Ilustrasi sapi. Foto: Medcom.id.
Hasil pemeriksaan terhadap sampel darah yang disimpan menunjukkan bahwa 74 persen penduduk di timur laut Tiongkok pernah terpapar virus ini, menandakan adanya penularan dari hewan ke manusia.
Angka tersebut meningkat hingga 97 persen pada orang dengan gejala gangguan pernapasan. Namun, hingga kini masih belum diketahui apakah penularan tersebut terjadi antarmanusia atau merupakan infeksi terpisah dari hewan.
“Secara keseluruhan, kemungkinan besar wabah IDV telah berkembang menjadi masalah yang sedang berlangsung bagi ternak maupun manusia,” tulis para peneliti.
Peneliti menyampaikan, infeksi IDV disebut tak bergejala. “Infeksi tanpa gejala yang tidak terdeteksi mungkin berperan penting dalam penularan, secara diam-diam mempertahankan epidemi di tingkat populasi," tulis peneliti.
Dalam studi tersebut, peneliti menambahkan virus di sel anjing dan manusia, lalu mengujinya pada sel yang dirancang menyerupai lapisan saluran pernapasan manusia, sapi, babi, dan anjing. Virus terbukti mampu menginfeksi dan berkembang biak secara efisien pada semua jenis sel tersebut.

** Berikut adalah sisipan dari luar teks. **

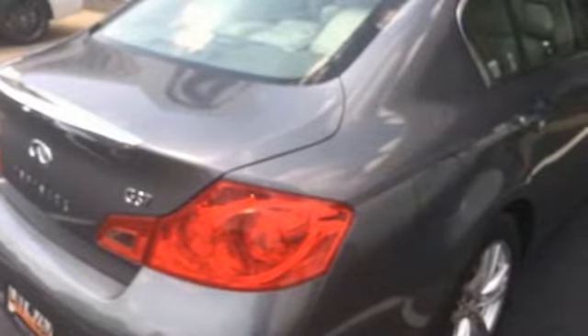They say a journey begins with one step. In this case, it begins with a test drive. Start your next adventure today.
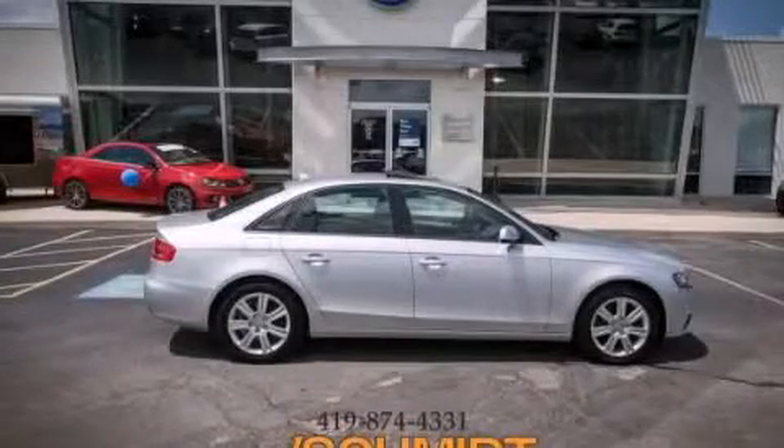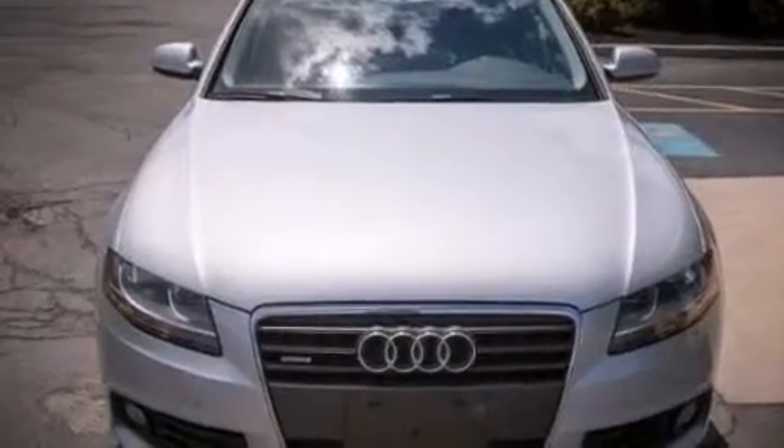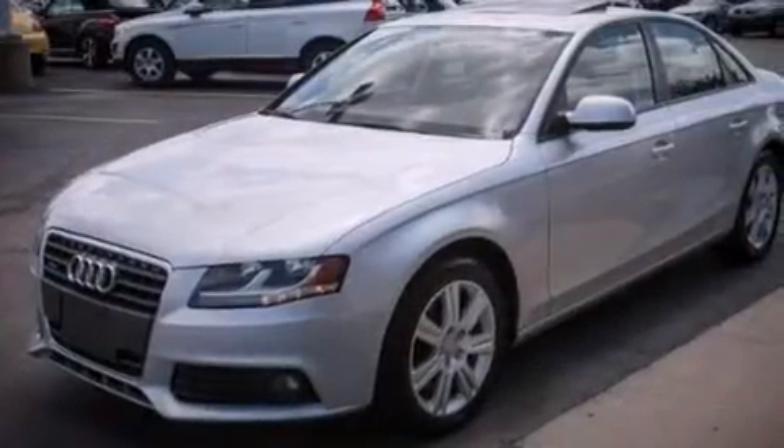This is a 2010 Audi A4, a luxurious package designed with the finest elements in mind. It has a 2.0 liter, 4-cylinder engine, and an automatic transmission.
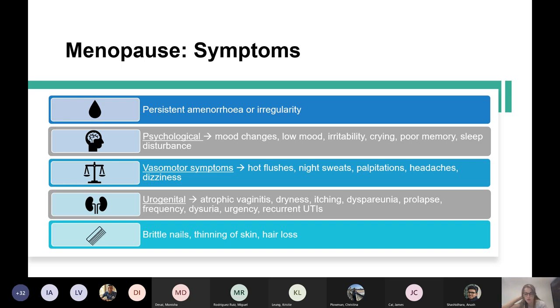You get urogenital symptoms including atrophic vaginitis, dryness, itching, dyspareunia, prolapse, frequency, dysuria, urgency, and recurrent UTIs. These are basically due to the lack of oestrogen, because oestrogen helps maintain the vagina, blood vessels, and uterus. With a lack of it, you get atrophy of all those areas.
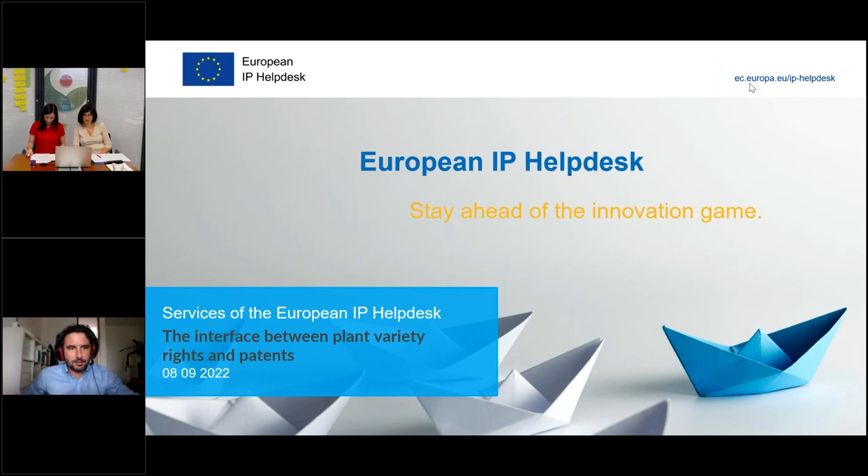Good morning everyone, a very warm welcome by the European IP Helpdesk, together with CPVO today for this session carried out in cooperation. We have the honor to have here our colleagues Montserrat Garcia Monco Fuente and Angela Martinez Lopez to carry out this lesson, which is going to be very interesting for the whole audience. It's going to be the interface between plant variety rights and patents.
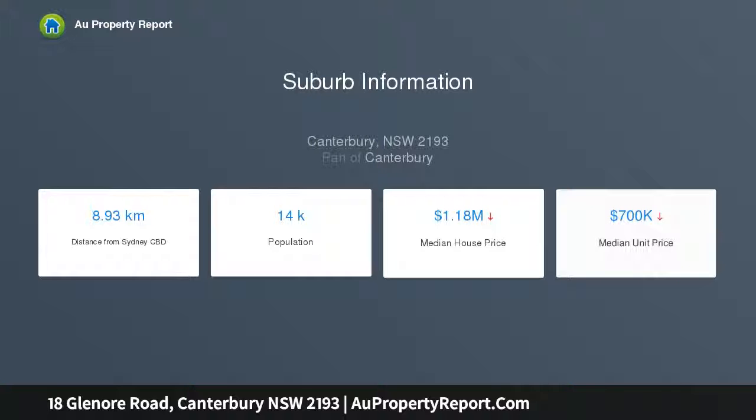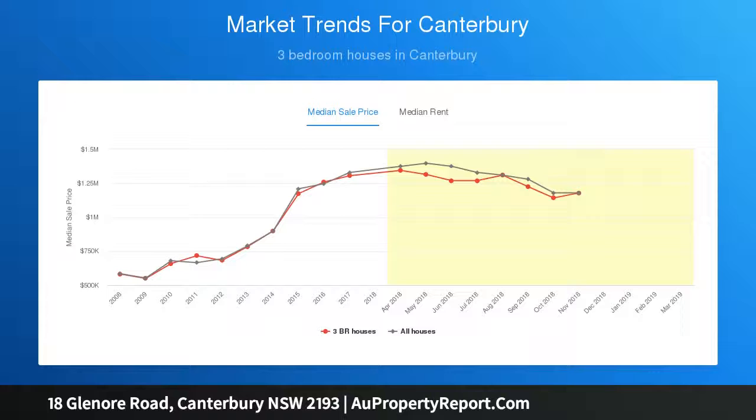Private backyard with lush lawns for the kids to play. Located across 13 kilometres from Sydney CBD and 1.5 kilometres from Canterbury Station. Total land size of 468 square metres.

Selanjutnya, peneliti menginfeksi tikus dan anjing untuk menilai tingkat keparahan penyakit serta penyebarannya ke berbagai organ, termasuk otak.
Mereka juga menguji pada musang (ferret), hewan model standar dalam penelitian penularan flu pada manusia. Hasilnya, virus dapat menyebar dari musang yang terinfeksi ke musang sehat melalui udara tanpa kontak langsung—sifat yang menunjukkan potensi penularan antar manusia.
Tim juga menguji efektivitas obat antivirus yang ada terhadap D/HY11. Obat generasi baru seperti baloxavir, yang menargetkan kompleks polimerase virus atau mesin replikasi internalnya, terbukti lebih efektif.
Namun, virus ini resisten terhadap beberapa obat flu umum lainnya. Aktivitas polimerase D/HY11 yang tinggi diduga berkaitan dengan efisiensi penularannya antarmamalia.
Untuk memastikan seberapa luas paparan virus, peneliti menganalisis sampel darah dari 612 sukarelawan di timur laut Tiongkok yang dikumpulkan antara 2020 hingga 2024.
Hasilnya menunjukkan hampir tiga perempat responden, baik dari wilayah perkotaan maupun pedesaan, memiliki antibodi terhadap D/HY11—menandakan paparan yang meluas. Angka ini jauh lebih tinggi pada mereka yang pernah mencari pengobatan karena gejala pernapasan.
“Temuan ini membuka kemungkinan adanya penularan terselubung pada manusia dengan infeksi ringan atau tanpa gejala oleh varian D/HY11 dan virus-virus sejenis yang baru muncul,” tulis tim riset.